## INSTRUCTIONS FOR THE TASK
For this exercise, return only the lines in the records below from the one holding "8819 Highfield Rd" through the one holding "Płaszcz Próchnik wełniany szary m/l", including both, exactly as they appear and without pictures.

## SUPPLIED RECORDS
# # # # #

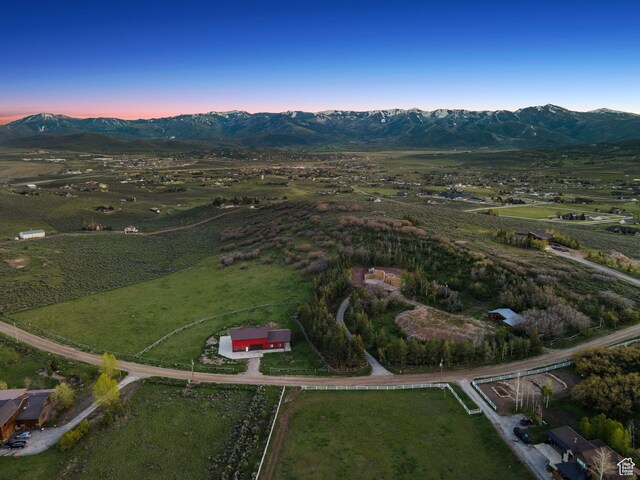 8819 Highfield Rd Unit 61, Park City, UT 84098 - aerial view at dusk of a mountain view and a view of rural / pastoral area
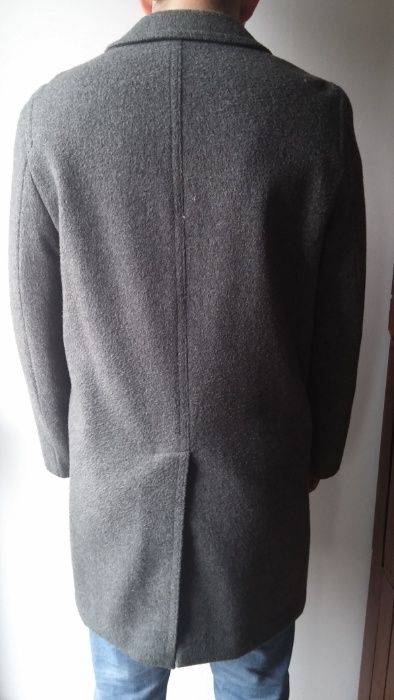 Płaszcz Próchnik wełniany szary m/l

# # # # #

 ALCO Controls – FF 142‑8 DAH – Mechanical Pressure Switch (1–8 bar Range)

# # # # #

## ANSWER
 8819 Highfield Rd Unit 61, Park City, UT 84098 - aerial view at dusk of a mountain view and a view of rural / pastoral area
 Płaszcz Próchnik wełniany szary m/l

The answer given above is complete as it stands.